Ms. Zhang began to refuse food soon after her arrest, according to her lawyers. When one of them, Zhang Ke Ke, visited him in prison earlier this month, he saw that his hands had been tied with restraints, according to an article on his WeChat account. Ms. Zhang explained that the guards periodically inserted a feeding tube and tied her hands so that she could not remove it, Mr. Zhang wrote. (The two Zhangs are not related.)
Ms. Zhang said that she had dizziness and an upset stomach, Mr. Zhang continued. A Christian, she wished she had a Bible and quoted to her from I Corinthians: “God is faithful, who will not let you try above what you can.”
Mr. Zhang and Mr.

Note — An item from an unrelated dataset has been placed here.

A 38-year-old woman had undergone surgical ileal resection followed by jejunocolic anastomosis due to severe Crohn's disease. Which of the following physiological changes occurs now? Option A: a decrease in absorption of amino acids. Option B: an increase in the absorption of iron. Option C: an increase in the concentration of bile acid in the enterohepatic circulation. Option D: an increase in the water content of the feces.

Ren, who visited separately later, begged Ms. Zhang to eat. But she refused, Mr. Ren said.
“She is much paler than in her videos and photos – deadly pale,” Mr. Ren said, adding that Ms. Zhang appeared to have aged decades. “It’s really hard to believe she’s the same person you’ve seen online.”
The Chinese judicial system is notoriously opaque, with sensitive cases often being heard behind closed doors. In 2019, the conviction rate of Chinese courts was 99.9 percent, according to government statistics. Ms. Zhang’s attorneys recently requested that Ms. Zhang’s trial be broadcast live, to ensure transparency, but they have not received a response, Mr. Ren said.
Among the other citizen journalists who disappeared, only one, Mr. Li, has appeared publicly. In a YouTube video in April, he said he was forcibly quarantined but not charged. Another, Mr. Chen, is would have with his family but did not speak publicly; friends say he’s under surveillance. There was no news from Mr. Fang.
In her penultimate video Prior to her own arrest, Ms. Zhang walked on a street in a neighborhood where cases had recently been reported. While filming the shuttered shops, a man in a neon waistcoat emblazoned with the words “on duty” confronted her, asking where she lived and if she was a journalist. When Ms. Zhang pushed him away, he shouted, “If you post this online, you have to take responsibility.”
“I take responsibility for all my actions,” Ms. Zhang yelled. “You must also take responsibility for your actions as a law enforcement officer.”